Design and construction
- Developer: Heinrich Adam

Other information
- Number of rooms: 205
- Number of suites: 30
- Number of restaurants: 3

Website
- www.grandhotelwien.com

= Grand Hotel Wien =

Hotel in Vienna, Austria

The Grand Hotel Wien is a five-star luxury hotel in Vienna, Austria. It is located on the Ringstraße at Kärntner Ring 9.

==History==
The hotel has a long history and tradition. The architect was Carl Tietz, and it was opened as the first Viennese luxury hotel in 1870. It originally had over 300 rooms, 200 bathrooms, a steam-powered elevator, and a telegraph office.
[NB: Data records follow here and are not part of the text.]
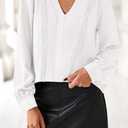 dowerme Womens Tops 2026 Spring V Neck T-Shirts Long Sleeve Shirts Lace Crochet Work Blouses Dressy Casual Loose Tunics (White, L)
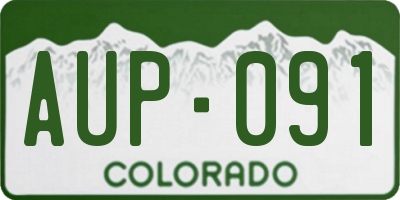 CO license plate AUP091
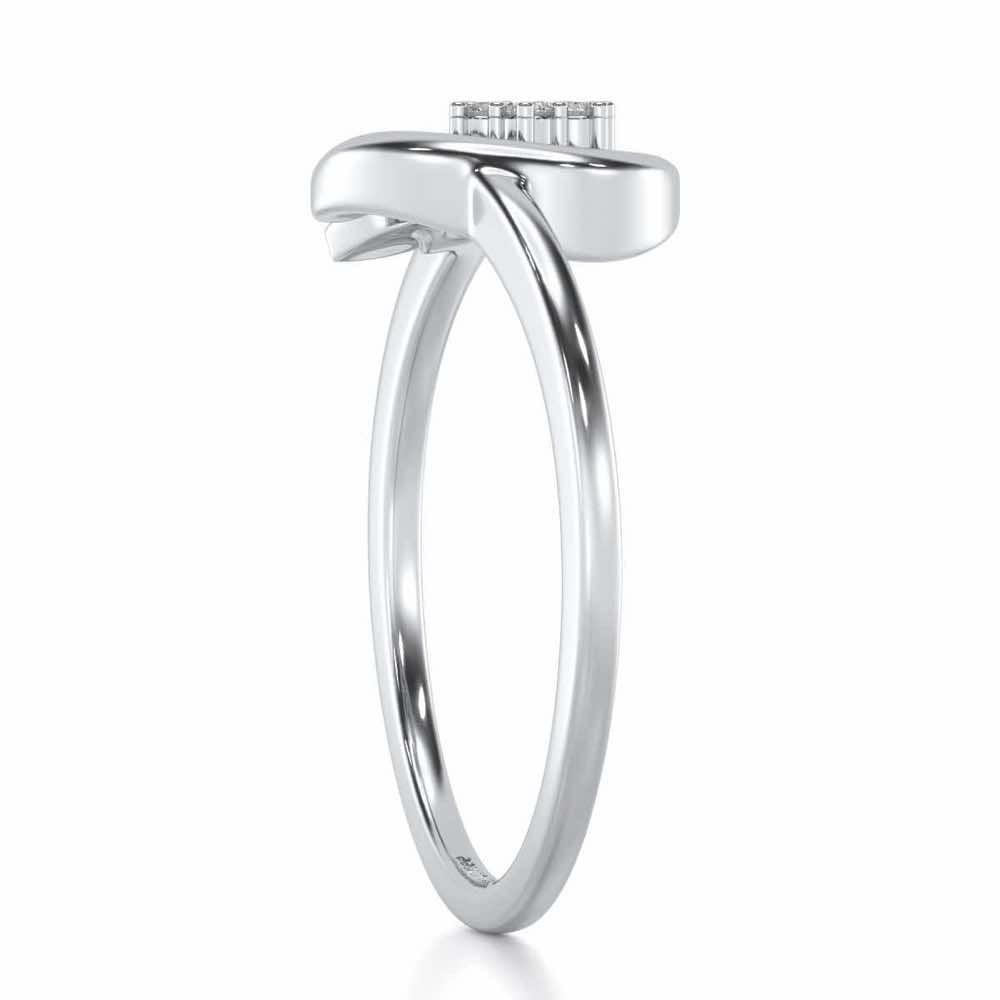 Flora C Silver Ring - White Gold - Image 4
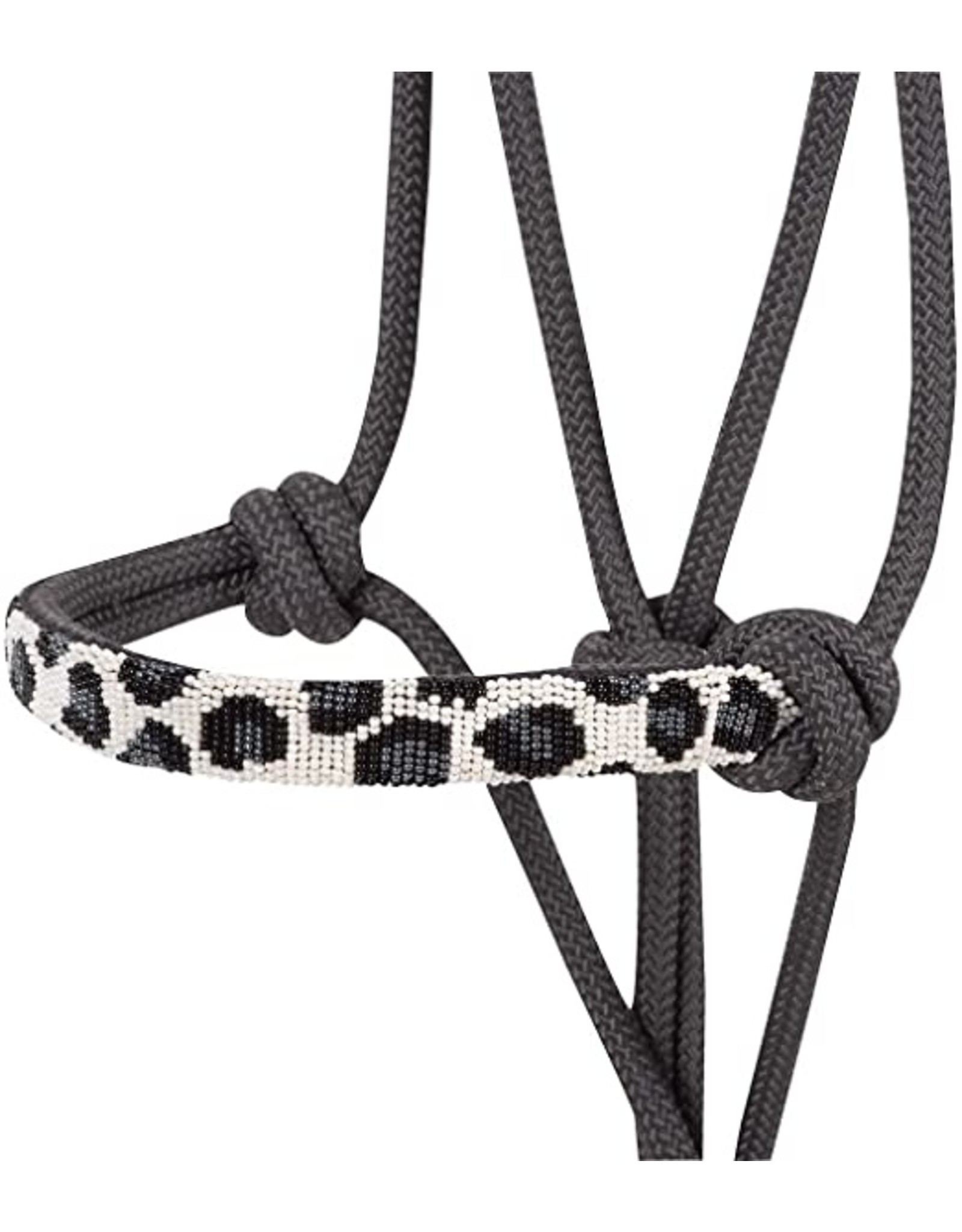Cashel Cashel Beaded Nose Black/Grey Cheetah Print HTR-BRH-GYCH Rope Halter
The hotel became an instant hit with the aristocracy and became a popular meeting place, since it was centrally located for the Korso restaurant. In 1894, the waltz king Johann Strauß II celebrated his 50-year stage anniversary at the hotel. In 1911, the hotel was extended into the neighbouring buildings at Kärntner Ring 11 and 13. Also, all rooms had their own telephones installed.

After World War II, the hotel housed Soviet troops from 1945 to 1955. The hotel reopened for regular business in 1958, but was sold to the Austrian government. The government rented the building to the International Atomic Energy Agency (IAEA), which located its headquarters there until 1979, when IAEA moved to the Vienna International Centre.

Ten years later, All Nippon Airways purchased the hotel and began an ambitious reconstruction. The hotel was reduced to its original size and completely refurbished and renovated. The historical façade by Tietz was restored, while the interior was modernized. The hotel was renamed "ANA Grand Hotel" and reopened in 1994. ANA sold the hotel in 2002 to the JJW Hotels & Resorts group, and the name reverted to "Grand Hotel Wien".

In June 2025 bankruptcy proceedings were opened for the hotel at the request of creditors. In December 2025 its Austrian-Saudi owner proceeded in court to halt sales negotiations.